While we’re there watching all the images on the screen, with no clue what we’re actually seeing until she explains, the tech says she can’t get a good angle or something of one of the measurements they needed since baby was moving too much. She went to grab the doc to see if he could assist, so we figured nothing of it. He comes back in, takes a look and then we start to get nervous as he’s taking quite awhile as well and not saying much. Once the doc finishes he then explains he saw something abnormal with her heart. It could be nothing or it could be something……..and thus begins the WTF thoughts in our heads.

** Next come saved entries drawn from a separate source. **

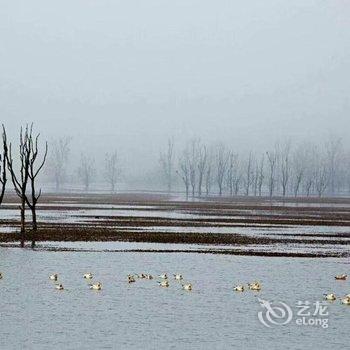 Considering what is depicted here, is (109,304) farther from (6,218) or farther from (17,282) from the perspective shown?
(6,218)

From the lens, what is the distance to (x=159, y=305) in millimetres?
24578

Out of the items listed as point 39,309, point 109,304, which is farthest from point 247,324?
point 39,309

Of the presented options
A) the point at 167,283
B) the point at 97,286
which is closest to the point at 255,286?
the point at 167,283

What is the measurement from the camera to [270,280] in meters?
30.0

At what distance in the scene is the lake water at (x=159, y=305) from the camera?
20031mm

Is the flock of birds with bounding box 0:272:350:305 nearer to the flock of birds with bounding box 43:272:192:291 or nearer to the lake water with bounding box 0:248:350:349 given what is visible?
the flock of birds with bounding box 43:272:192:291

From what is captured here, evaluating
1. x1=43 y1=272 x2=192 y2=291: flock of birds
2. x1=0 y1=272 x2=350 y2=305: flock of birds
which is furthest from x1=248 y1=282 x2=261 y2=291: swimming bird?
x1=43 y1=272 x2=192 y2=291: flock of birds

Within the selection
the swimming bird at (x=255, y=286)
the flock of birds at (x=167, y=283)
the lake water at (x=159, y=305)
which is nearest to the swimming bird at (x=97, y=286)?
the flock of birds at (x=167, y=283)

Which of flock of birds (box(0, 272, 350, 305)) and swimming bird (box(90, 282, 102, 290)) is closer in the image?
flock of birds (box(0, 272, 350, 305))

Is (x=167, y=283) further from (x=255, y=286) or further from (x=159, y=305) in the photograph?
(x=159, y=305)

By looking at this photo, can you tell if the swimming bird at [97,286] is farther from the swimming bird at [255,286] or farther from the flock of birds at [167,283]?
the swimming bird at [255,286]

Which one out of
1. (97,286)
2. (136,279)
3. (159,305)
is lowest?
(159,305)

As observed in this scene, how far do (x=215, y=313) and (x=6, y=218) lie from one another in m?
43.8

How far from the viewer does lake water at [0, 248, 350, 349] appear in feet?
65.7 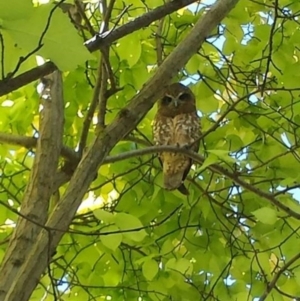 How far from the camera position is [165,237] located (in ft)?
6.05

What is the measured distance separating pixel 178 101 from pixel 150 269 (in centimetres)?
98

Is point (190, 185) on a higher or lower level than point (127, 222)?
higher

He couldn’t get a good enough look to see if there was just a small blockage or a defect. He immediately wanted to get us to see a pediatric cardiologist that could get a better look. So he called, got us in for the next day and off went the emails of us calling out of work the next day. Naturally we’re scared and nervous wreaks since we never imagined anything was wrong with the baby.

The next day we ventured to this cardiologist, my pregnant self yet again had to have a somewhat full bladder for this so I’m dying to pee the whole way there (an hour drive from where we live) and wracking our brains as to what it could be. Another sonogram later and the doc saying that he could “stare at it all day and it still would not look normal.” The baby definitely had a heart defect of some kind, her left side looked more narrow than the right from what they could see. So off went the suggestions, possibilities and where to go for care from here.

After spending the rest of the day together having lunch and walking around town, my husband and I discussed everything, including the options of hospitals we were given. Over Children’s in DC or Loudon in VA, we decided to transfer my care to Hopkins in Baltimore. That would be where our baby would be born as well in case of possible surgery, plus it was closer for me for work. From there is where our journey began for this wild ride we went on.